WORK REQUEST
Repeat word for word every line of the data below, from the first through the line containing "Lips with non-sticky", and stop there.
Start of PROVIDED ENTRIES
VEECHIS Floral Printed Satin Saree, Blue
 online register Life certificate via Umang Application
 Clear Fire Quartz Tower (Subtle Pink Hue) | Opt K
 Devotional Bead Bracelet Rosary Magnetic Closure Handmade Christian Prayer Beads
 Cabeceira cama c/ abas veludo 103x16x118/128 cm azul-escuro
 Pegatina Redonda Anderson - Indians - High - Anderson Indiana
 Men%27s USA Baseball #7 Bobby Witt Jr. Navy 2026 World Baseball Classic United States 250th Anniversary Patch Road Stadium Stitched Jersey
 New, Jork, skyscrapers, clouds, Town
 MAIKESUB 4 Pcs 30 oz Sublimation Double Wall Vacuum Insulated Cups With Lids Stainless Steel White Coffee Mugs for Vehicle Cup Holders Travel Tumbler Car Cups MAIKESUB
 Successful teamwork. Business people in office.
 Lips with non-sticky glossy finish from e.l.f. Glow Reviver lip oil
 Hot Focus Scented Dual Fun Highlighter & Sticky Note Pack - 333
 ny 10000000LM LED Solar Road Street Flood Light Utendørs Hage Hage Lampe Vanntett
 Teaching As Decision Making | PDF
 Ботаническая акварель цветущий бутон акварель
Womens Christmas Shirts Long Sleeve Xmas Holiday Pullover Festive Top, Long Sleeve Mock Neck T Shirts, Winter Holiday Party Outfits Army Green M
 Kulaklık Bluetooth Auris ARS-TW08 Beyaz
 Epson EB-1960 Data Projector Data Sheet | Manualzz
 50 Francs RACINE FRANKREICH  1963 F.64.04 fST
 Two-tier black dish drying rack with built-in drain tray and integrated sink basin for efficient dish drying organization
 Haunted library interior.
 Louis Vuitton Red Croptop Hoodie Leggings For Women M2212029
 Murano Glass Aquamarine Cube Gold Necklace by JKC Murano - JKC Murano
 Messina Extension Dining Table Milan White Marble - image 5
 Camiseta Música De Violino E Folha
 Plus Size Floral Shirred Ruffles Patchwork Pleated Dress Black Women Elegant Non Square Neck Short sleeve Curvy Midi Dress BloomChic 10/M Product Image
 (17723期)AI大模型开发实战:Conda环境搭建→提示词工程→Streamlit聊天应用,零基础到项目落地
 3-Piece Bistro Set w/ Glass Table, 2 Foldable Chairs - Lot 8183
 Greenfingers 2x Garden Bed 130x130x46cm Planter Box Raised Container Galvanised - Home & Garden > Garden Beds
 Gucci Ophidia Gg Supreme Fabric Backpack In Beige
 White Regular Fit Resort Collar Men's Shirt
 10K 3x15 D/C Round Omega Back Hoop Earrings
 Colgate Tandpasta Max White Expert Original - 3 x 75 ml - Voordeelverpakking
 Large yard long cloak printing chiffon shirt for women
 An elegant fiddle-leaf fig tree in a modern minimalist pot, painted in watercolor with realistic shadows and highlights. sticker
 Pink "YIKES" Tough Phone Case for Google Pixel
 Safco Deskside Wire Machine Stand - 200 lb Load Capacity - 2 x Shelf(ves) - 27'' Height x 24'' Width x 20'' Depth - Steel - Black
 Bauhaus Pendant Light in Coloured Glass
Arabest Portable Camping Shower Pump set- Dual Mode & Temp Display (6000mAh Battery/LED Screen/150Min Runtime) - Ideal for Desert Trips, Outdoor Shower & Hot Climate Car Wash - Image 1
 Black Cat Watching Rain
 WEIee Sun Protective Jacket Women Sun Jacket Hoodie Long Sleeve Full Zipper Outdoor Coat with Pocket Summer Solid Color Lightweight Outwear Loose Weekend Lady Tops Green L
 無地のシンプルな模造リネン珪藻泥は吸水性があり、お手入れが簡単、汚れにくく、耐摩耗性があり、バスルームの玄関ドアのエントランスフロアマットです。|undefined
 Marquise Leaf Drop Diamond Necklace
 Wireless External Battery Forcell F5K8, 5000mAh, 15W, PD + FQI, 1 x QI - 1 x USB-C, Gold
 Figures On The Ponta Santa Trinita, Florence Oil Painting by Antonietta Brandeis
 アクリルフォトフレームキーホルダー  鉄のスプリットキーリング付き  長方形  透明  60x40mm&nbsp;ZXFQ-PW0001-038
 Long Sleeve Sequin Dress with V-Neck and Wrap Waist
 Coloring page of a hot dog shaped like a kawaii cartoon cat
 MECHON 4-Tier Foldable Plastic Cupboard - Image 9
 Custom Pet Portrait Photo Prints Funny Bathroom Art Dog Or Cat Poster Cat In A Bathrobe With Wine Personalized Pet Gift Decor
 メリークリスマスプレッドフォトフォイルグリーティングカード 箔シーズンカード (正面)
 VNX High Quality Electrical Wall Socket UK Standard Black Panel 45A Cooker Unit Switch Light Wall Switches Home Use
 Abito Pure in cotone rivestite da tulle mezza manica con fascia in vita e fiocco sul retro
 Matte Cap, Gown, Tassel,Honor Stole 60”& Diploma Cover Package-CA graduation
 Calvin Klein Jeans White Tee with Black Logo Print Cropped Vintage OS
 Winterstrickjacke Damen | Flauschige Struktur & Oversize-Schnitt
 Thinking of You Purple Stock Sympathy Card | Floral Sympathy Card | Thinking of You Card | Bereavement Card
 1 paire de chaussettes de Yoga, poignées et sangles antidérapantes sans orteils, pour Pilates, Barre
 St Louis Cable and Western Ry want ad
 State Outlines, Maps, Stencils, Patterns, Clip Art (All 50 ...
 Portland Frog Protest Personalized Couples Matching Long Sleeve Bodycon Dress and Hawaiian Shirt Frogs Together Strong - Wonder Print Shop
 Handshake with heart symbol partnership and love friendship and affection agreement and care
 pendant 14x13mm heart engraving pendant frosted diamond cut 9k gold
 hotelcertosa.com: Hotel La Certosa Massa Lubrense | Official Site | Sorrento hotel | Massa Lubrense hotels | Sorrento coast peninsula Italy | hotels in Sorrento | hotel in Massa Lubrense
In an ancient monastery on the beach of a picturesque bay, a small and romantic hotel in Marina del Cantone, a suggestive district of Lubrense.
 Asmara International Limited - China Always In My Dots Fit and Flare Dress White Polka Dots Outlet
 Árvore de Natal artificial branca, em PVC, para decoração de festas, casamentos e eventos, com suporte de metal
End of PROVIDED ENTRIES
WRITTEN RESPONSE
VEECHIS Floral Printed Satin Saree, Blue
 online register Life certificate via Umang Application
 Clear Fire Quartz Tower (Subtle Pink Hue) | Opt K
 Devotional Bead Bracelet Rosary Magnetic Closure Handmade Christian Prayer Beads
 Cabeceira cama c/ abas veludo 103x16x118/128 cm azul-escuro
 Pegatina Redonda Anderson - Indians - High - Anderson Indiana
 Men%27s USA Baseball #7 Bobby Witt Jr. Navy 2026 World Baseball Classic United States 250th Anniversary Patch Road Stadium Stitched Jersey
 New, Jork, skyscrapers, clouds, Town
 MAIKESUB 4 Pcs 30 oz Sublimation Double Wall Vacuum Insulated Cups With Lids Stainless Steel White Coffee Mugs for Vehicle Cup Holders Travel Tumbler Car Cups MAIKESUB
 Successful teamwork. Business people in office.
 Lips with non-sticky glossy finish from e.l.f. Glow Reviver lip oil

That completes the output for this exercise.